The Executive CV – a resume on what to write…
I wonder what the former head of a well-known children’s charity will have on her CV when she next submits it to a headhunter? Wouldn’t we all like to know! CVs can be very revealing, and sometimes very unrevealing… I can recall a famous occasion, many years ago, when a council hired a headhunter to recruit its Chief Exec. Unfortunately, no-one checked the details on the CV, and it turned out that this (short-lived) Chief Exec had been telling a few porkies about his qualifications.
It does matter, obviously, what you write down on your curriculum vitae, or resume as our American friends call it. With that in mind, I thought it would be worth creating a resume of some of the available advice should you be contemplating a new job/career change.
Before doing that, it’s also worth considering how many executives have a CV in a state of readiness? I am aware of a current research project which suggests that most do, but I suspect that in the event of a CV being needed suddenly (e.g. unexpected redundancy!) many CVs probably need a bit of polishing.
What does the internet tell us? There is lots of stuff out there, some of it excellent, some of it gibberish, but all purporting to help you create a satisfactory CV – although usually this involves you parting with cash to get the writer of the blog piece to compose your CV for you. Anyway, I tried a couple of typical Google searches. Interestingly, when I keyed “CEO CV” into Google I got lots of American articles, but when I keyed in “Chief Executive CV” I got lots of UK articles. Truly two nations divided by a common language!
Here, in no particular order, is some of advice available online…
“At an executive level the CV should convey you as a serious business proposition so that you can cut through the pack and be seen.”
“It’s vital that you’re pitching yourself at the right level – in some companies there is a gulf between the remit and responsibilities of a middle and senior manager. It you want to pitch up a level, use your professional profile and skills section to embellish your potential.”
“Many people feel their CV should market them through a list of past roles and activities, believing these are the only touchstones of their ‘proposition’ to a prospective employer. The problem is if for example, most of the other 91 applicants for the position all submit similar CVs which comprise mainly of long, historical lists of past career details. This leads to very little in differentiating the applicants if they’ve all been operating at a similar level. It’s vital nowadays to articulate your CURRENT skill set.”
“Overall, a management CV is so much more than a record of information now. It should be a compelling profile of both you and your ‘offer’ - a purposeful sales document to eclipse others in the pile. There are many senior executive careers available and the first step is all about getting your CV right, do this well and you will land yourself many executive job opportunities.”
“The chronological format by itself doesn't work ‘because you're making the reader work hard to figure out what you have to offer’."
“A purely functional resume doesn't work ‘because you're not giving the reader any chronological context for any of your achievements’."
So what should you do if your CV is in (urgent) need of some attention?

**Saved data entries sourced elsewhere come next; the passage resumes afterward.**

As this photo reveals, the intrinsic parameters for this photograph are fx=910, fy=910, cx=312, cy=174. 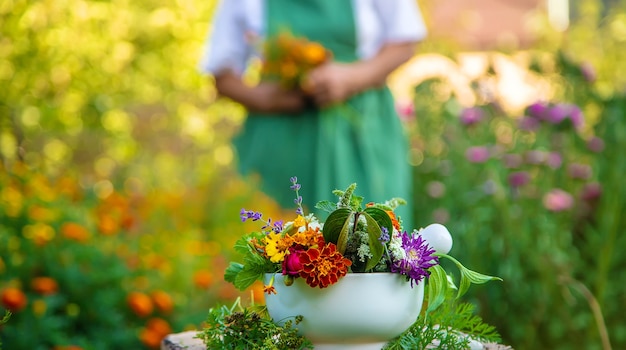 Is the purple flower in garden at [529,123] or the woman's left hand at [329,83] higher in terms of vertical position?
the woman's left hand at [329,83]

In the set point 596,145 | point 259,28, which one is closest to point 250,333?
point 259,28

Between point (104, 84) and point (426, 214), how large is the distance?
1.91 meters

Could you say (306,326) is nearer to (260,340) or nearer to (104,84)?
(260,340)

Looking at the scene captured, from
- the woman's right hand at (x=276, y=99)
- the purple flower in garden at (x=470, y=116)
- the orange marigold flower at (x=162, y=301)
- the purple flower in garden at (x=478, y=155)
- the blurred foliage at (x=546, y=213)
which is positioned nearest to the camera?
the orange marigold flower at (x=162, y=301)

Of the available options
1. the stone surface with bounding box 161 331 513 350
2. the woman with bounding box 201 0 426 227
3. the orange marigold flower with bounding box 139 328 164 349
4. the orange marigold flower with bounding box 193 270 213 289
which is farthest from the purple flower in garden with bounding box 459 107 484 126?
the stone surface with bounding box 161 331 513 350

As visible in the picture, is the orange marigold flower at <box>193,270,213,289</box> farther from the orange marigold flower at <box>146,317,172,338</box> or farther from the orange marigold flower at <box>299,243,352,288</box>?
the orange marigold flower at <box>299,243,352,288</box>

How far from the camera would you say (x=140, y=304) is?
233cm

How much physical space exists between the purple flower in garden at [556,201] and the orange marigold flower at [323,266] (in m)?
2.25

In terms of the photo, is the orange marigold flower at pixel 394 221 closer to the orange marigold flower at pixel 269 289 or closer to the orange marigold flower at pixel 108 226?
the orange marigold flower at pixel 269 289

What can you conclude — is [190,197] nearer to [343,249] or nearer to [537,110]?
[537,110]

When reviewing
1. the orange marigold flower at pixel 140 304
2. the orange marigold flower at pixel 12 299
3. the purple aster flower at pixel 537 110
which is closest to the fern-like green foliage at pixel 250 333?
the orange marigold flower at pixel 12 299

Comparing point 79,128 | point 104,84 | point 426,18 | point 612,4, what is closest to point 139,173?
point 79,128

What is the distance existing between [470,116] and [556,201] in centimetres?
58

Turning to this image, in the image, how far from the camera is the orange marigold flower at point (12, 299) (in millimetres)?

Like copywriting for a recruitment advert, your CV is a sales story. And like an advert, it needs to be tailored to the audience to which is it directed – not to what you want but to what the audience wants. In other words, if you want to stand out, create a bespoke CV for each new job application.
Clearly there will be some ‘standard’ elements, but if your business were to submit the same tender for every contract you’d not win much new business. Most CV/resume creation is a matter of common sense. What does your career history say about you? How can you convey this, in writing, in such a way that you stand out from the crowd? What kind of language should you use in it? Have you checked on Linkedin to see the people who are likely to be sitting in judgement on you and have you tailored your CV/application to them? Is it clearly presented and well laid-out? Have you checked it for typos and grammar?
In most instances, those people who reach the highest levels of business and the professions are talented enough to craft a CV that sells them to the highest bidder. For those who are not, there is a host of advice available on the internet. Your executive skills should allow you to filter out the most obvious and banal and select that which best matches how you want to be portrayed. But no-one knows that better than you, so unless you really are hopeless with words, do it yourself! That way, you take responsibility – and taking responsibility is a core skill of every successful executive.